Finishing Strong! NGS Employees Look Back With Tears and Smiles
November 13
05:38 2019

George Hardeen

The ground was broken on the Navajo Generating Station on April 21, 1970. Last night at the Page Campus of Coconino Community College several speakers shared their heartfelt thoughts about working at the Navajo Nation facility, amid tears and laughs, in front of the many people who came.

It was part of CCC’s “Ed Talks” series and was hosted by George Hardeen of the Salt River Project. It featured numerous current and former employees of NGS recalling their many memories at the plant, mostly lighthearted stories that brought out the laughs. But there were also tears among the speakers, who are sad to see the end of NGS arriving quite soon.

Introduced to the gathering by CCC’s Kay Leum, Mr. Hardeen took his audience from the very beginning; the breaking of the ground, through its construction and toward its end, which is now days away.

One thing that was stressed by Hardeen, and longtime maintenance manager, Shane Jones, was that this was one clean electric plant! In fact, no water from the plant, including rain, sleet, and snow, ever made its way to Lake Powell. The plant was clean, and the lake was in no danger of any NGS pollution.

Said Mr. Jones, “It could have been a very dangerous place to work, but instead it was a very safe place to work.”

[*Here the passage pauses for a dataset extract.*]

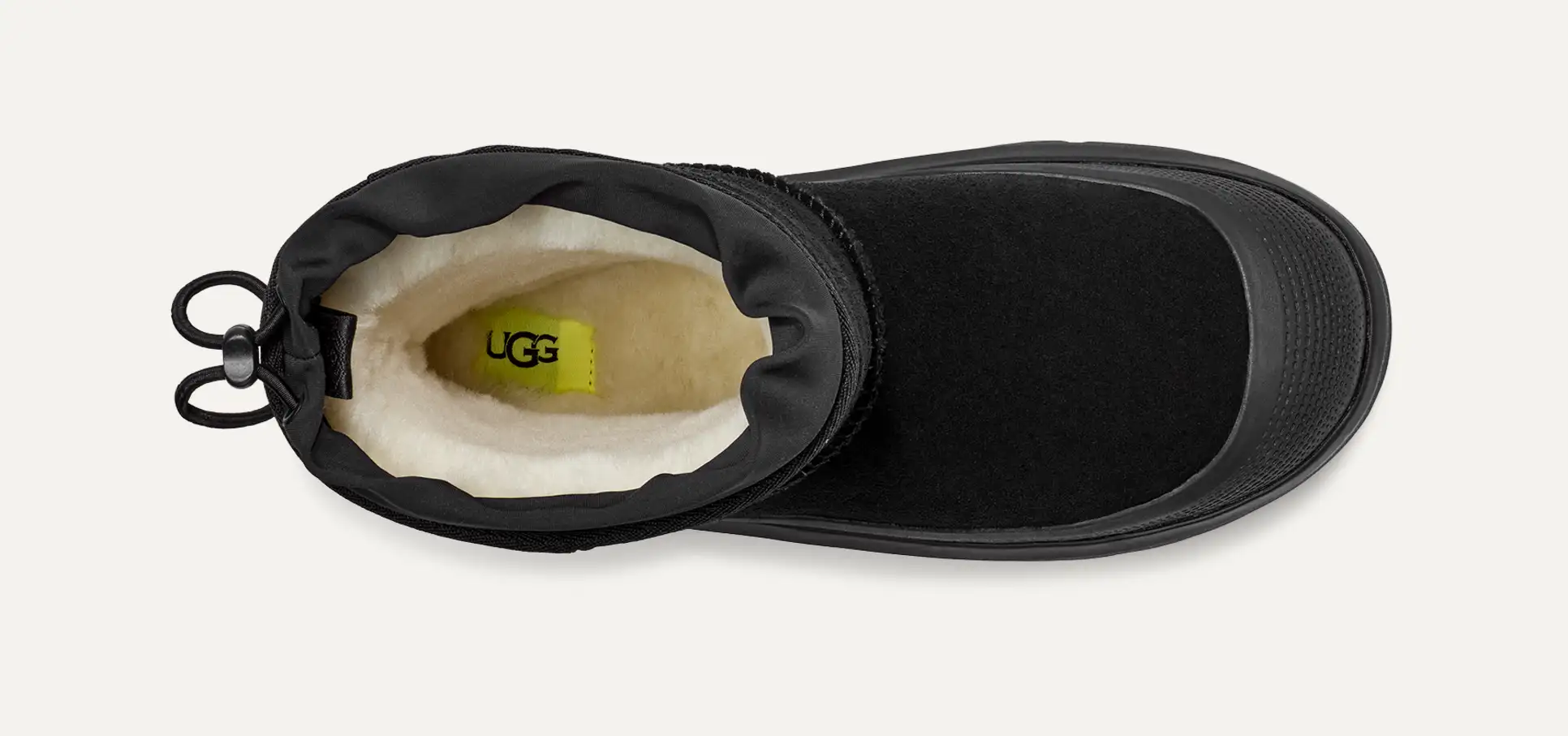UGG All Gender Classic Short Weather Hybrid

A young girl rests on her brother as he and his dad listen Tuesday night

At its peak, NGS had 2,200 workers. They involved three shifts 24/7, and some temporary workers, too.

Among the many facts shared by Hardeen:

Many women worked at NGS, and in all departments.

NGS had its own fire department, and part of their training was climbing those three stacks.

He also told the large crowd that many items within the facility are being archived for safe-keeping in Phoenix.  Meanwhile, it will take three years to decommission the Navajo Generating Station. Part of the deal when it was built, was that when it closed, the land was to be returned to its natural state. There will be a few buildings left, by request of Navajo Nation leaders.

“Finish Strong.” That’s the statement NGS employees lived and worked by ever since it was learned the life of the facility was coming to an end. They promised not to lat their good work habits fade since they would soon be leaving NGS. Instead, as has been stressed by George Hardeen, they promised to finish strong, and they have.